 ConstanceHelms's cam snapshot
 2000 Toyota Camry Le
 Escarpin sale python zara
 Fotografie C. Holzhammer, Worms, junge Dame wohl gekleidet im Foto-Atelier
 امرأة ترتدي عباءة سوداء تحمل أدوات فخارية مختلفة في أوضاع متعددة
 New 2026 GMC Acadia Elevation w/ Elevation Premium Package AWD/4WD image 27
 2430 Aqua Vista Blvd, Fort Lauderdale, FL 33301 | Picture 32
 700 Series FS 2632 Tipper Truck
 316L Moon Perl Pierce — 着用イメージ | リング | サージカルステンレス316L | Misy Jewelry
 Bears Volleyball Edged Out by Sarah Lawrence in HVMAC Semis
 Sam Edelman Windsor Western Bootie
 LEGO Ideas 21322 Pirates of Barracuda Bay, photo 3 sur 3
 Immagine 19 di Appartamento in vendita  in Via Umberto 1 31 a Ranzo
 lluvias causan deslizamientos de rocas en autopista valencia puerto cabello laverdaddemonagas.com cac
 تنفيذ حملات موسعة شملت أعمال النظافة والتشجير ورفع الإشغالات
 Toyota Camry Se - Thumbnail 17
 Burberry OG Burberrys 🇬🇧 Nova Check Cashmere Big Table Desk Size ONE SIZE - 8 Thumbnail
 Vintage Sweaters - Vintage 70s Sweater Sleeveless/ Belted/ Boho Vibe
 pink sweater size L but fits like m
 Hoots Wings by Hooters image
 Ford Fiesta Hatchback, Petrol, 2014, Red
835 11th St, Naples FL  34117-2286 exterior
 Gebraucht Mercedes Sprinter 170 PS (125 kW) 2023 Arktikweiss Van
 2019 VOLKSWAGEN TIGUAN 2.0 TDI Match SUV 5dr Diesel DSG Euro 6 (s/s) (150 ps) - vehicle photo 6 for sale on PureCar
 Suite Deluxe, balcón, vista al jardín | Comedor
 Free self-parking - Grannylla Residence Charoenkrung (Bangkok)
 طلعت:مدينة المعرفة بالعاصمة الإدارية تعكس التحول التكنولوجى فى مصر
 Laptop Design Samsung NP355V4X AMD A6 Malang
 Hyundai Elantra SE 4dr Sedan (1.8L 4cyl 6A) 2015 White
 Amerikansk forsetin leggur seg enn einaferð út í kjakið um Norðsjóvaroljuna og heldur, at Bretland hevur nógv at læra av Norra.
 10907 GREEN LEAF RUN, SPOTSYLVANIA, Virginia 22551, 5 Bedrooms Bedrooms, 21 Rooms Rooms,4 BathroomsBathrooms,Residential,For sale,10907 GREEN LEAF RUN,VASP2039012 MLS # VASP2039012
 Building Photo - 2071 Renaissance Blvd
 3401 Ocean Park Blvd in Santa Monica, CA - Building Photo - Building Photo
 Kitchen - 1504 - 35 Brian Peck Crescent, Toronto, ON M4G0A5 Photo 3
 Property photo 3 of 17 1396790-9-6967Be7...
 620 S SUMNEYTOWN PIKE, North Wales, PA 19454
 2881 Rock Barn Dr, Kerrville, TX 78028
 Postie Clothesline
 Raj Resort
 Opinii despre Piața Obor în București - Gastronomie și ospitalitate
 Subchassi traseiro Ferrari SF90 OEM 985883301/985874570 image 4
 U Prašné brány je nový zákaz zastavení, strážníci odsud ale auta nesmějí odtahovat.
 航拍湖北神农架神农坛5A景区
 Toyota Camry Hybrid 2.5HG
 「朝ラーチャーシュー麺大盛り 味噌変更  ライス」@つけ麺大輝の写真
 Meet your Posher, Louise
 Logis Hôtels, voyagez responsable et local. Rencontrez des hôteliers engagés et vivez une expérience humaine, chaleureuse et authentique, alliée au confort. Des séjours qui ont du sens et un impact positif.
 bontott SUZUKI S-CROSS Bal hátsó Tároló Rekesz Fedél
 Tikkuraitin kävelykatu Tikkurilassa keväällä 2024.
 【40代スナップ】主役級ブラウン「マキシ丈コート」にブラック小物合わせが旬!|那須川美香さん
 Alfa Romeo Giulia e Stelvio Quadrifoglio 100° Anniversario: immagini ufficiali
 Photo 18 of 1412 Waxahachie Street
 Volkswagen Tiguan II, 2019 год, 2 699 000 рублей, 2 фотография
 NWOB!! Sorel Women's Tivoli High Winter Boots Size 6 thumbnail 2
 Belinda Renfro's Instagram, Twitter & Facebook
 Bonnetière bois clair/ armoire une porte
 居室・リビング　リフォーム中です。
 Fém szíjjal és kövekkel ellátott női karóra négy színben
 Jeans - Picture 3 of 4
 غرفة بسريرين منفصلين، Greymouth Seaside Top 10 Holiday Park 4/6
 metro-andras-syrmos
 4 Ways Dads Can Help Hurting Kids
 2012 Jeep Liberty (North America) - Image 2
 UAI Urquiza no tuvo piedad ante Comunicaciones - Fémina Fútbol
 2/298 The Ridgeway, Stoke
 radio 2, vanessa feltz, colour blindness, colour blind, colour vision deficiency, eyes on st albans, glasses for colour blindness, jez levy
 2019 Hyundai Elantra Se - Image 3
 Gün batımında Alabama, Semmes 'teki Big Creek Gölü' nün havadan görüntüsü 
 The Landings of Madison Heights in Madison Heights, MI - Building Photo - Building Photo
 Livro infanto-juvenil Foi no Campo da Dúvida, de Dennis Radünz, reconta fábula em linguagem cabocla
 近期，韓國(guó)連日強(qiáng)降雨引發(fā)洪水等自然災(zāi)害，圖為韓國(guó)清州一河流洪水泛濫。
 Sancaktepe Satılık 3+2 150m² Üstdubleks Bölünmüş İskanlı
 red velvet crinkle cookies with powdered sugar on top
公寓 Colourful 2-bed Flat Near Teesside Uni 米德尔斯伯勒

════════════════════

#### WHAT IS NEEDED
Write the records above out again precisely.

#### ANSWER
 ConstanceHelms's cam snapshot
 2000 Toyota Camry Le
 Escarpin sale python zara
 Fotografie C. Holzhammer, Worms, junge Dame wohl gekleidet im Foto-Atelier
 امرأة ترتدي عباءة سوداء تحمل أدوات فخارية مختلفة في أوضاع متعددة
 New 2026 GMC Acadia Elevation w/ Elevation Premium Package AWD/4WD image 27
 2430 Aqua Vista Blvd, Fort Lauderdale, FL 33301 | Picture 32
 700 Series FS 2632 Tipper Truck
 316L Moon Perl Pierce — 着用イメージ | リング | サージカルステンレス316L | Misy Jewelry
 Bears Volleyball Edged Out by Sarah Lawrence in HVMAC Semis
 Sam Edelman Windsor Western Bootie
 LEGO Ideas 21322 Pirates of Barracuda Bay, photo 3 sur 3
 Immagine 19 di Appartamento in vendita  in Via Umberto 1 31 a Ranzo
 lluvias causan deslizamientos de rocas en autopista valencia puerto cabello laverdaddemonagas.com cac
 تنفيذ حملات موسعة شملت أعمال النظافة والتشجير ورفع الإشغالات
 Toyota Camry Se - Thumbnail 17
 Burberry OG Burberrys 🇬🇧 Nova Check Cashmere Big Table Desk Size ONE SIZE - 8 Thumbnail
 Vintage Sweaters - Vintage 70s Sweater Sleeveless/ Belted/ Boho Vibe
 pink sweater size L but fits like m
 Hoots Wings by Hooters image
 Ford Fiesta Hatchback, Petrol, 2014, Red
835 11th St, Naples FL  34117-2286 exterior
 Gebraucht Mercedes Sprinter 170 PS (125 kW) 2023 Arktikweiss Van
 2019 VOLKSWAGEN TIGUAN 2.0 TDI Match SUV 5dr Diesel DSG Euro 6 (s/s) (150 ps) - vehicle photo 6 for sale on PureCar
 Suite Deluxe, balcón, vista al jardín | Comedor
 Free self-parking - Grannylla Residence Charoenkrung (Bangkok)
 طلعت:مدينة المعرفة بالعاصمة الإدارية تعكس التحول التكنولوجى فى مصر
 Laptop Design Samsung NP355V4X AMD A6 Malang
 Hyundai Elantra SE 4dr Sedan (1.8L 4cyl 6A) 2015 White
 Amerikansk forsetin leggur seg enn einaferð út í kjakið um Norðsjóvaroljuna og heldur, at Bretland hevur nógv at læra av Norra.
 10907 GREEN LEAF RUN, SPOTSYLVANIA, Virginia 22551, 5 Bedrooms Bedrooms, 21 Rooms Rooms,4 BathroomsBathrooms,Residential,For sale,10907 GREEN LEAF RUN,VASP2039012 MLS # VASP2039012
 Building Photo - 2071 Renaissance Blvd
 3401 Ocean Park Blvd in Santa Monica, CA - Building Photo - Building Photo
 Kitchen - 1504 - 35 Brian Peck Crescent, Toronto, ON M4G0A5 Photo 3
 Property photo 3 of 17 1396790-9-6967Be7...
 620 S SUMNEYTOWN PIKE, North Wales, PA 19454
 2881 Rock Barn Dr, Kerrville, TX 78028
 Postie Clothesline
 Raj Resort
 Opinii despre Piața Obor în București - Gastronomie și ospitalitate
 Subchassi traseiro Ferrari SF90 OEM 985883301/985874570 image 4
 U Prašné brány je nový zákaz zastavení, strážníci odsud ale auta nesmějí odtahovat.
 航拍湖北神农架神农坛5A景区
 Toyota Camry Hybrid 2.5HG
 「朝ラーチャーシュー麺大盛り 味噌変更  ライス」@つけ麺大輝の写真
 Meet your Posher, Louise
 Logis Hôtels, voyagez responsable et local. Rencontrez des hôteliers engagés et vivez une expérience humaine, chaleureuse et authentique, alliée au confort. Des séjours qui ont du sens et un impact positif.
 bontott SUZUKI S-CROSS Bal hátsó Tároló Rekesz Fedél
 Tikkuraitin kävelykatu Tikkurilassa keväällä 2024.
 【40代スナップ】主役級ブラウン「マキシ丈コート」にブラック小物合わせが旬!|那須川美香さん
 Alfa Romeo Giulia e Stelvio Quadrifoglio 100° Anniversario: immagini ufficiali
 Photo 18 of 1412 Waxahachie Street
 Volkswagen Tiguan II, 2019 год, 2 699 000 рублей, 2 фотография
 NWOB!! Sorel Women's Tivoli High Winter Boots Size 6 thumbnail 2
 Belinda Renfro's Instagram, Twitter & Facebook
 Bonnetière bois clair/ armoire une porte
 居室・リビング　リフォーム中です。
 Fém szíjjal és kövekkel ellátott női karóra négy színben
 Jeans - Picture 3 of 4
 غرفة بسريرين منفصلين، Greymouth Seaside Top 10 Holiday Park 4/6
 metro-andras-syrmos
 4 Ways Dads Can Help Hurting Kids
 2012 Jeep Liberty (North America) - Image 2
 UAI Urquiza no tuvo piedad ante Comunicaciones - Fémina Fútbol
 2/298 The Ridgeway, Stoke
 radio 2, vanessa feltz, colour blindness, colour blind, colour vision deficiency, eyes on st albans, glasses for colour blindness, jez levy
 2019 Hyundai Elantra Se - Image 3
 Gün batımında Alabama, Semmes 'teki Big Creek Gölü' nün havadan görüntüsü 
 The Landings of Madison Heights in Madison Heights, MI - Building Photo - Building Photo
 Livro infanto-juvenil Foi no Campo da Dúvida, de Dennis Radünz, reconta fábula em linguagem cabocla
 近期，韓國(guó)連日強(qiáng)降雨引發(fā)洪水等自然災(zāi)害，圖為韓國(guó)清州一河流洪水泛濫。
 Sancaktepe Satılık 3+2 150m² Üstdubleks Bölünmüş İskanlı
 red velvet crinkle cookies with powdered sugar on top
公寓 Colourful 2-bed Flat Near Teesside Uni 米德尔斯伯勒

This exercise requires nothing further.